KDE’s 6th Megarelease with KDE neon Testing Edition

KDE’s 6th Megarelease is the is-it-tacky-is-it-awesome name we came up with for the combined release of KDE Frameworks 6, Plasma 6 and KDE Gear’s bundle of apps and libraries. It’s out in a month’s time and it’s the porting of all our libraries and many of our apps to Qt 6. In principle this makes no difference to end users but we still like to make a song and dance about it and there will be new features and old cruft removed which allows for accelarated new features to come shortly. But first it needs testing. So download KDE neon Testing Edition which is build with the Git branches of the soon to be released products and install it either on hardware if you can or on something like Virtualbox (mind on Virtualbox you need to turn on “Enable 3D Accelaration” in Display settings because it uses Wayland, you should also turn on “EFI Special OSes only” if only to feel special).
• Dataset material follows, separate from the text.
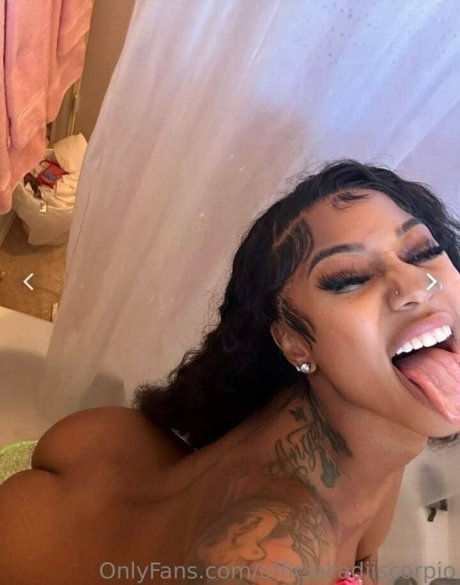 vacation onlyfans free nude gallery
Many thanks to Carlos and the others who have worked hard to get everything here.

Announcing KDE Neon Experimental

With Neon unstable’s Plasma 6 packages bubbling along nicely, it was decided that all new KF6 based apps should be based in the freshly repurposed Experimental archive. Experimental builds on Unstable but nicely segregates the pre-alpha KF6 apps from the more stable Plasma 6 desktop.

A new package, neon-settings-experimental has been made which installs neon-experimental.list to point to the experimental archive and 99-jammy-overrides-experimental which adds a pin to make the experimental archive package always be installed. All packages in experimental are versioned the same as in unstable, which means it’s a competition of who has the highest packaging suffix. However the aforementioned pin ensures that the KF6 based experimental package always wins even if it means a downgrade (in timestamp version numbers). So don’t be scared if apt tells you it will be downgrading packages because really you are upgrading! ;]

So:
sudo apt install neon-settings-experimental
sudo apt update
sudo apt dist-upgrade
will install the required new package, update your apt package list and then upgrade to kf6 any packages you have installed from this list.
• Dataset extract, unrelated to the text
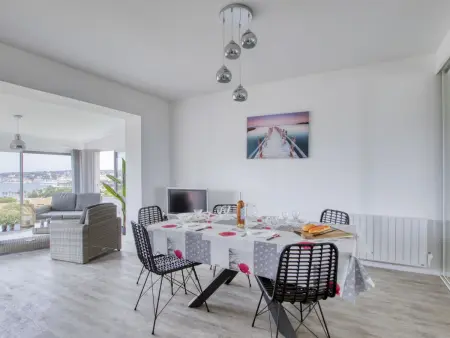 La Bellanda - Appartement vue mer à Six Fours : photo 3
As it is pre-alpha software, certain apps may try to kill your kittens. However you can always install a snap or a flatpack for many applications. If you do want to return to a pure Neon Unstable environment:
sudo apt remove --purge neon-settings-experimental
sudo apt update
sudo apt dist-upgrade

will downgrade all packages that have a lower suffix in experimental to their kf5 based unstable counterparts.

We will continue to add more KF6 based apps as we work our way through the extensive KDE apps catalog. Despite some rough edges, on the whole it is a very usable experience.

Of course we need to end this post with the obligatory gratuitous screenshot.

KDE neon Plasma 6 ISOs

KDE neon unstable edition is running Plasma 6 and is your ideal way to test the next version of our lightweight but powerful Linux desktop.

Currently it looks near identical to the Plasma 5 builds (hopefully a banner will be added shortly).

One obvious bug is visible in the panel above where items which should be aligned to the right are not, that’s easy to work around until it gets fixed. There’s many more bugs but considering this is an early port using unreleased frameworks it’s mostly useable, especially now the worst of the overlapping kf5/kf6 packages are sorted.

The Plasma bits such as System Settings are all Qt 6 and pre-KF6, so are Konsole and Dolphin but the rest is Qt 5 and there’s still some integration issues to be worked out.

So take care, don’t give it to your friends or family, but do give it a test and let us know what breaks.